Yes, it is probably a good thing that President Assad is toast. But is this really the dawn of a new and unprecedented era of liberty and equality for one of the world’s most oppressed and dispossessed populations? Or is it, as the strangely muted applause of many pundits suggests, just the start of Season 4 of Arab Spring?

In which case, having seen Seasons 1, 2, and 3, we won’t need the subtitles to know what’s going on.

For some, the penny-dropping moment would have been the statue of Assad being pushed over and dragged through the streets of Damascus. For others it was the random firing of AK47s in the streets by, er, ordinary civilians (none of whom, even more worryingly, have been drinking).

But we all know what will follow.

Months or possibly years of violent chaos, during which groups of even more brutal, even more luxuriantly bearded men wrestle for control, while foreign governments stand tut-tutting on the sidelines, and sending money and arms to the groups who they believe will best serve their respective regional ambitions.
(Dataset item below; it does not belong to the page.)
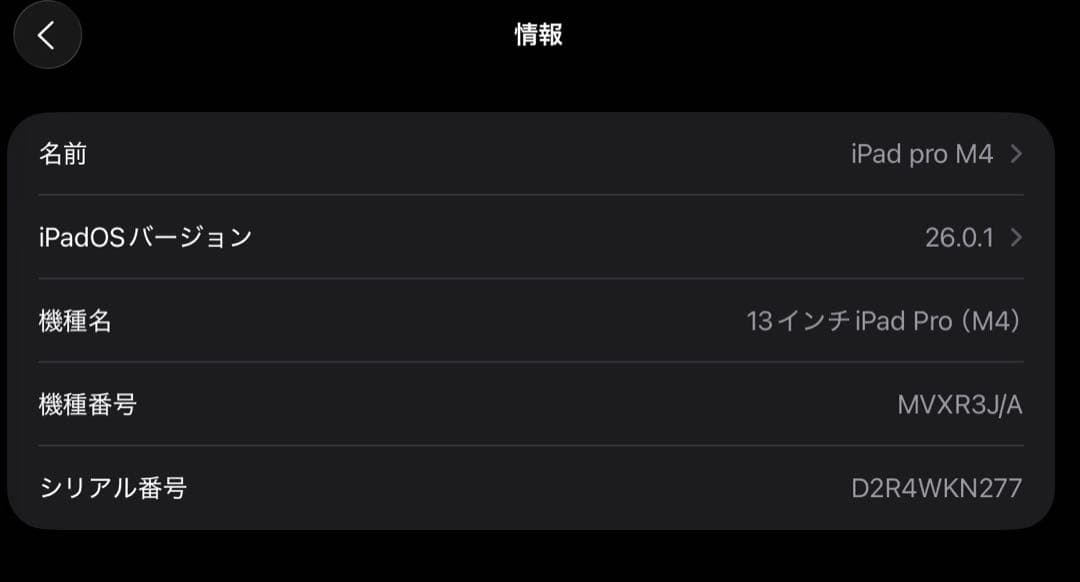 iPad Pro 13インチ (M4) Wi-Fi + Cellular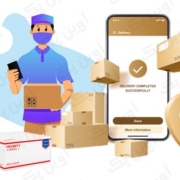 postal carton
The season finale will show the group with the most AK-47s imposing an equally oppressive regime, and after the closing credits fade to black, we will learn from a series of sobering, serif font captions that twice as many Syrian women and children were killed in the aftermath of the coup than were killed by the man it deposed.

In the meantime, some of us will agree with Western leaders who have condemned Mr Trump’s response to the Syrian rebellion as evidence of isolationist ambitions. Others might think those leaders should take a leaf out of the Trump playbook before framing their own foreign policy: and watch a bit more television.